If Bill Gates pops up in your mind when you envision wealth, you’re spot on. It turns out that Gates is the prototype for the rich: A self-made male boomer entrepreneur. He’s even the exact age of the median global billionaire—67, according to information service Altrata’s 2023 Billionaire Census report (that’s coincidentally also the age of millionaire icons like Kris Jenner, Bill Nye, and Whoppi Goldberg). The report consulted the Wealth-X Database for the census, using a prosperity valuation model to measure assets while looking at the finances, careers, education, and more of ultra-high-net-worth individuals.
It found that billionaires under 50 represent just 10% of the cohort, while billionaires over 70 comprise 40% of it. In general, women are underrepresented in the billionaires’ club, making up less than a fifth of the cohort, though they’re slightly more represented in the groups of younger ultra-wealthy individuals. Like Gates, who was once the world’s youngest self-made billionaire, a majority of billionaires are self-made; the 50 to 70 age group make up 64% of this cohort. But unlike Gates, who made his billions in tech, most billionaires (especially those ages 50 to 70) made their wealth in banking and finance.

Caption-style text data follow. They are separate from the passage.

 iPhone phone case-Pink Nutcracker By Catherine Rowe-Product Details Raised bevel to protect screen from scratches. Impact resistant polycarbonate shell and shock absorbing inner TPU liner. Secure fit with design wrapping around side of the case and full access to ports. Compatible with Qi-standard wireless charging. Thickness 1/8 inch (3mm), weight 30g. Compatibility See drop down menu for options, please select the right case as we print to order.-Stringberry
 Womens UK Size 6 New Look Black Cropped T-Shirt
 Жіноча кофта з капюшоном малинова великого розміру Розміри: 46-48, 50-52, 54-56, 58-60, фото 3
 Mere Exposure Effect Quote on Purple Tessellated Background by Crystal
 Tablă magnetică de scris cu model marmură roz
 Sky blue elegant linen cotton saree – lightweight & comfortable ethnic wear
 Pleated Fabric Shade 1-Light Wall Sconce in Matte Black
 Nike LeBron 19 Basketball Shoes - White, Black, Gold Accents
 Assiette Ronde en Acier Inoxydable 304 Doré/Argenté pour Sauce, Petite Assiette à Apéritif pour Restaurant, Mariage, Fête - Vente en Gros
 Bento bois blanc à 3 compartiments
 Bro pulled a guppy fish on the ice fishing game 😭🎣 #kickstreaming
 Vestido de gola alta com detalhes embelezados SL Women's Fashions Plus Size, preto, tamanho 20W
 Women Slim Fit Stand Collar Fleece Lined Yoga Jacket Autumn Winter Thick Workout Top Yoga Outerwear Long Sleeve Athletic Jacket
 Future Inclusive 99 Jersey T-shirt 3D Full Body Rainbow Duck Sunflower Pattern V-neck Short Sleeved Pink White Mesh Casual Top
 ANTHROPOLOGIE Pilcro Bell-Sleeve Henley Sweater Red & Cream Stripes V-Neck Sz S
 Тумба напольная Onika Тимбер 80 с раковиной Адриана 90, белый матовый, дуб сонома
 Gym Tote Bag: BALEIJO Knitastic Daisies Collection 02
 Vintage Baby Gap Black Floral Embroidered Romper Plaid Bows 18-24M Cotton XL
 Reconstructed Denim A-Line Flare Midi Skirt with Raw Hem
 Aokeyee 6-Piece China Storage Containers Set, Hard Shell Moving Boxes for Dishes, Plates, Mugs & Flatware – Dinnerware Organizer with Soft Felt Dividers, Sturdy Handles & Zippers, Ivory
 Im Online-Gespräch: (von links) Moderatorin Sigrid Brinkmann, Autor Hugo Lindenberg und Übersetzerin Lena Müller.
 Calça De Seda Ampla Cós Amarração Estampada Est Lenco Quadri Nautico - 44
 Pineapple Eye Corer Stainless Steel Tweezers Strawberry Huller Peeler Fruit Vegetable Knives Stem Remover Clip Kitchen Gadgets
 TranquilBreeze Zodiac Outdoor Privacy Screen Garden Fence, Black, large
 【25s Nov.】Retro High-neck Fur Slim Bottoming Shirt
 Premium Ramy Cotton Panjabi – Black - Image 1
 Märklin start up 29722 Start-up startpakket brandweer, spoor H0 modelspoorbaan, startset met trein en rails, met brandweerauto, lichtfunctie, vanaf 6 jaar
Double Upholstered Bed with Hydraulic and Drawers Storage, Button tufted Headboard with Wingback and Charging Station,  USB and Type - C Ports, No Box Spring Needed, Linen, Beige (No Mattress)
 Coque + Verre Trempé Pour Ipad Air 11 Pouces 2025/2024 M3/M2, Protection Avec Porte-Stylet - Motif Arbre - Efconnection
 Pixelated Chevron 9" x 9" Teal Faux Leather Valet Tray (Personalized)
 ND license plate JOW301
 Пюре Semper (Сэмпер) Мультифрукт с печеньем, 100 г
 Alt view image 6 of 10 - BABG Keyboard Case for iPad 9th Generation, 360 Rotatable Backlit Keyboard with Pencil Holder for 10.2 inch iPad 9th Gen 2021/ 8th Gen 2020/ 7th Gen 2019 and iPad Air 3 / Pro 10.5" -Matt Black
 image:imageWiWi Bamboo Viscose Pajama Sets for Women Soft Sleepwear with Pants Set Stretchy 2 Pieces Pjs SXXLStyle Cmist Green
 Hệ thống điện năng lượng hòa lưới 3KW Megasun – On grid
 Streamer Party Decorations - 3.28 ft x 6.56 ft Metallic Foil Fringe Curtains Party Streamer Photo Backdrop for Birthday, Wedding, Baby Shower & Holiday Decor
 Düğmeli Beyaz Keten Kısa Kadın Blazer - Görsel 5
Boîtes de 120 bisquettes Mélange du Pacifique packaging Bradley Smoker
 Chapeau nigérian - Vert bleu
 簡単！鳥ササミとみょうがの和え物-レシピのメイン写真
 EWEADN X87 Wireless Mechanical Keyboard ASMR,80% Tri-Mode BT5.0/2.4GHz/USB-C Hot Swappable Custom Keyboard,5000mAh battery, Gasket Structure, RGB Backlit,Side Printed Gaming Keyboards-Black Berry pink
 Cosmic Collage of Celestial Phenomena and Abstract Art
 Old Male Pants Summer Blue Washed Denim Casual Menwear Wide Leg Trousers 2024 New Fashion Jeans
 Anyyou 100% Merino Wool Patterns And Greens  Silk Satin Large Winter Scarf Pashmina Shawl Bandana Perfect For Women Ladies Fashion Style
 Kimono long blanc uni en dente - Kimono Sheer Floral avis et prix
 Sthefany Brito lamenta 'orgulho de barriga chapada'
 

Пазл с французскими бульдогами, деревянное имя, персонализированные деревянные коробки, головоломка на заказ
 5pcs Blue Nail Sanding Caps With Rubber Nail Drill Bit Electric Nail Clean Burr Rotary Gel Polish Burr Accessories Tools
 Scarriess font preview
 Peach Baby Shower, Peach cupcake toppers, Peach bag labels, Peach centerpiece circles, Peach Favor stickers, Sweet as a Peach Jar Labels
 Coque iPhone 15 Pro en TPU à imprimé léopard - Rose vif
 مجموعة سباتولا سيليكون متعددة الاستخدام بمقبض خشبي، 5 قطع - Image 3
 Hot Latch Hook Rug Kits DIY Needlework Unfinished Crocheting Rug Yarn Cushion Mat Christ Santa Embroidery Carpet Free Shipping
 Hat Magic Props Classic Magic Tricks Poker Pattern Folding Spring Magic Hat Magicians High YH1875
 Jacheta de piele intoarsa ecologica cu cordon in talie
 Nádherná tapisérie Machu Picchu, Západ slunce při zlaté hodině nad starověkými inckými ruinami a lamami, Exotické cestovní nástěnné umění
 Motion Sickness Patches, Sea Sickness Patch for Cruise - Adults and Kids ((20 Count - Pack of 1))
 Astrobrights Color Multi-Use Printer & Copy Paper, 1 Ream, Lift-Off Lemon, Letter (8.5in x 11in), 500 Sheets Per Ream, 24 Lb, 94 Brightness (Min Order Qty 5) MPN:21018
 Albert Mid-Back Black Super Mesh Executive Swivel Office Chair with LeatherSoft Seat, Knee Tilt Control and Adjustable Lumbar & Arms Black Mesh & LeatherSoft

That the most common billionaire is a self-made man in his late 60s with a financial background makes sense: Older people have more time to build wealth, and baby boomers (men in particular) have had not only a longer, but easier road to their riches.
“While the vast majority of self-made billionaires will have launched their first venture at a relatively young age, it is rare for an individual to enter this exclusive wealth tier before their 40th birthday,” write the authors of the report, adding that there hasn’t been a major wealth distribution in the past five years and that, if anything, the average age of billionaires has increased a bit during this time.
Unless you’ve inherited wealth (which was twice as likely for billionaires under age 50 than their older peers), they write, it takes “considerable time” to make enough riches to reach billionaire status. After all, billionaires make up less than the 1% of the ultra-wealthy demographic but hold 34% of that demographic’s wealth, according to Altrata.
The inequity that leads to billionaire status has led to some pushback from ultra-high-net-worth individuals themselves; consider the Patriotic Millionaires, a group of wealthy individuals including Abigail Disney, who call for taxation on the rich. It’s become an especially hot-button topic in the U.S., home to the largest population of billionaires in the world, Altrata finds, and where the number of millionaires continues to increase while others find it difficult to stay afloat during a time of high inflation.
Building wealth has also been a smoother ride for baby boomers, who inherited a sweeter deal than the younger generations that came after them. Millennials and Gen Z have had a much harder time building wealth thanks to student debt, stagnant wages, and ill-timed recessions. It’s made achieving the American Dream all the more difficult, especially in a challenging housing market where many believe that their dreams of one day buying their own home to be impossible. While boomers have also had their share of inflation and recessions, the economy was more like a game set on easy mode for the generation, who benefited from less expensive education as well as lower interest rates and inflated housing prices that them build assets more easily.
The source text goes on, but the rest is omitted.